RTS,S: All you need to know about the world's first malaria vaccine
- RTS,S malaria vaccine was developed by GlaxoSmithKline in 1987
- WHO approved RTS,S based on data from a pilot programme in Ghana, Kenya and Malawi
- 2.3 million doses of the vaccine have been administered in the three countries since 2019
The world's first malaria vaccine has received approval from World Health Organization (WHO). The global health body on Wednesday recommended widespread use of RTS,S/AS01 (RTS,S) vaccine among children in sub-Saharan Africa and in other regions with moderate to high P. falciparum malaria transmission.
Who developed the RTS,S vaccine?
The malaria vaccine, known by the brand name Mosquirix, was created by GlaxoSmithKline (GSK) scientists in 1987.
Early clinical development was conducted in collaboration with the Walter Reed Army Institute for Research. In January 2001, GSK and US-based nonprofit global health organisation PATH’s Malaria Vaccine Initiative (PATH/MVI), with grant monies from the Bill & Melinda Gates Foundation to PATH, entered into a public-private partnership to develop RTS,S.
Lusitana in Lilongwe, Malawi, was the first child in the world to receive the RTS,S malaria vaccine.
How effective is RTS,S?
The vaccine is only about 30% effective,but the WHO says it is the first and only vaccine that can significantly reduce malaria in children. Malaria claims the life of one child every 2 minutes, according to WHO, with more than 260 000 African children under the age of five dying from the mosquito-borne disease annually.
The vaccine is administered in four doses in children from 5 months of age.
How does RTS,S work?
RTS,S aims to trigger the immune system to defend against the first stages when the Plasmodium falciparum malaria parasite enters the human host’s bloodstream through a mosquito bite and infects liver cells. "The vaccine is designed to prevent the parasite from infecting the liver, where it can mature, multiply, re-enter the bloodstream, and infect red blood cells, which can lead to disease symptoms."
Why does WHO recommend RTS,S?
The WHO recommendation is based on results from a pilot programme that has covered more than 800,000 children since 2019 in Ghana, Kenya and Malawi. The WHO says the RTS,S vaccine is feasible to deliver and increases equity in access to malaria prevention. Data from the pilot programme showed that more than two-thirds of children in the 3 countries who are not sleeping under a bednet are benefitting from the RTS,S vaccine.

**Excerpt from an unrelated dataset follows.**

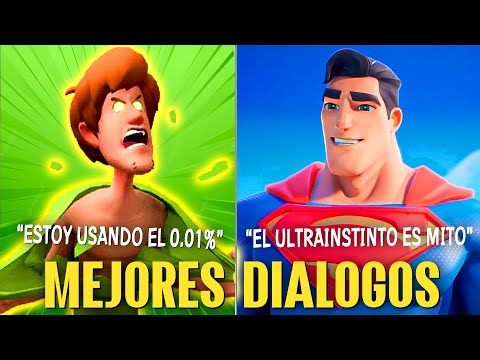 MULTIVERSUS - TODOS LOS DIALOGOS MAS SALVAJES - DIVERTIDOS + BURLAS + RESPUESTAS EN ESPAÑOL LATINO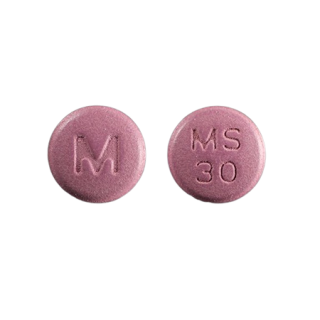MS Contin 30 mg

The WHO also claims a strong safety profile for RTS,S with more than 2.3 million doses of the vaccine having been administered in the three countries.
"In areas where the vaccine has been introduced, there has been no decrease in the use of insecticide-treated nets, uptake of other childhood vaccinations or health seeking behavior for febrile illness," the WHO says.
The WHO terms the vaccine's 30% effectiveness as significant reduction in deadly severe malaria, even when introduced in areas where insecticide-treated nets are widely used and there is good access to diagnosis and treatment.